Eu coloquei uma película sobre a rachadura do meu celular.

Eu estava apressada, joguei tudo de forma ordenada na minha mochila vermelha velha, conferi se peguei dinheiro, escova e pasta de dente, tudo isso c o celular na mão. Então, quando já havia terminado tudo, puxei a alça da mochila para colocá-la nas costas e o celular voou das minhas mãos caindo c um estrondo c a tela virada para baixo. Nem precisei olhar, sabia q tinha trincado, fiz aquele pedido cego ao universo: por favor esteja funcionando! Por favor esteja funcionando! E estava. De modo que o rachado incomodou menos. Eu estou trilhada como meu celular, não é perceptível pois eu sigo funcionando. Eu faço tudo que preciso fazer, apesar das minhas rachaduras. Tem momentos que me tocam e é possível sentir o alto relevo deixado pela rachadura, são poucos que conseguem sentir, eu sempre sinto. As vezes fico horas olhando a parte rachada de mim, faço perguntas inúteis sobre como fui deixar isso acontecer, perco tempo nisso e então me dou conta que são perguntas vãs. Fico parada tb por vezes passando o dedo pelo trincado da tela e gosto de observar o desenho construído pelo trincado, tento enxergar alguma forma com sentido, mas não tem sentido algum, não chega a formar uma imagem de algo que exista no mundo real. Olhando o desenho sem forma, escuto ao longe a voz do vendedor que oferece películas para o celular, eu estou sentada naquele estabelecimento onde tantas vezes num pós praia tomamos café, eu parei de sentir raiva de que tudo me lembre vc e comecei a aceitar que eu tb estive ali, então acesso as memórias de sabores de cafés e tapiocas e de felicidades....

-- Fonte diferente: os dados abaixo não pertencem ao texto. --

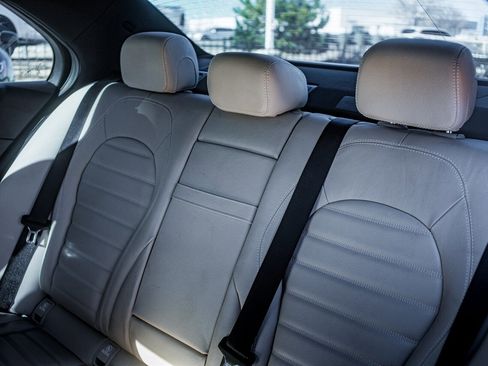 Used 2020 Mercedes-Benz C 300 4MATIC Sedan image 33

O rapaz pega meu celular e me olha com estranhesa: mas a tela já está rachada...

Eu rio e respondo: sim, eu sei que estou atrasada nesse cuidado. Pode colocar a película mesmo assim. Eu vou emoldurar esse momento em que eu me quebrei, mas a película vai ajudar para que eu não sinta o alto relevo do trincado a cada vez que precisar tocar nessas memórias.